O meio ambiente é um aliado do desenvolvimento econômico

A sobrevivência da Mata Atlântica e a consequente continuidade da geração dos serviços ambientais de forma perene para milhões de brasileiros requer esforços múltiplos, que envolvem o poder público, a sociedade e as empresas. O ambiente rural e periurbano tem papel fundamental nesse contexto, e o produtor rural é um importante ator na geração dos serviços ambientais que são desfrutados pelos habitantes das grandes cidades.  

A compreensão do meio ambiente como um aliado do desenvolvimento econômico oportuniza ao Brasil se posicionar como protagonista global de uma nova “economia regenerativa”, que é capaz de gerar emprego e renda de forma mais igualitária, sem esgotar os recursos disponíveis e ainda deixar um saldo positivo para as futuras gerações. 

A escolha não é muito difícil: começamos a agir agora rumo a uma economia mais resiliente, inovadora e regenerativa ou estaremos fadados a um futuro incerto com sérios prejuízos na geração de serviços ecossistêmicos e submetidos de maneira irreversível as mazelas da mudança do clima.

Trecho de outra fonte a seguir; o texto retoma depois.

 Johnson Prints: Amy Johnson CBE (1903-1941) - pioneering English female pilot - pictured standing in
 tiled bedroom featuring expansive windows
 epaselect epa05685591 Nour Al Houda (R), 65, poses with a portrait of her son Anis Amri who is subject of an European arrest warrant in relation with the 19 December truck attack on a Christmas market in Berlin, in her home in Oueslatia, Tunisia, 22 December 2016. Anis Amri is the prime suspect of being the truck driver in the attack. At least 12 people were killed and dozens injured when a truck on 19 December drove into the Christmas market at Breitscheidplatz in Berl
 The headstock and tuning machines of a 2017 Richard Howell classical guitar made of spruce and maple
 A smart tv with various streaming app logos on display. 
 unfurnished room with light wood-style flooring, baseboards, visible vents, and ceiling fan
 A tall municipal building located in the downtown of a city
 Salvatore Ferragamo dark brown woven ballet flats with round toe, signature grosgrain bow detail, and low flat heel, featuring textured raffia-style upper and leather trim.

Rodrigo Condé é Mestre em Engenharia Florestal pela UFPR, Engenheiro Florestal na re.nativa – soluções baseadas na natureza – é especialista no uso de espécies nativas e atua com treinamento, projetos, implantação e monitoramento de sistemas agroflorestais e restauração florestal produtiva na região da Grande Reserva Mata Atlântica (PR, SC e SP) e consultor da SPVS.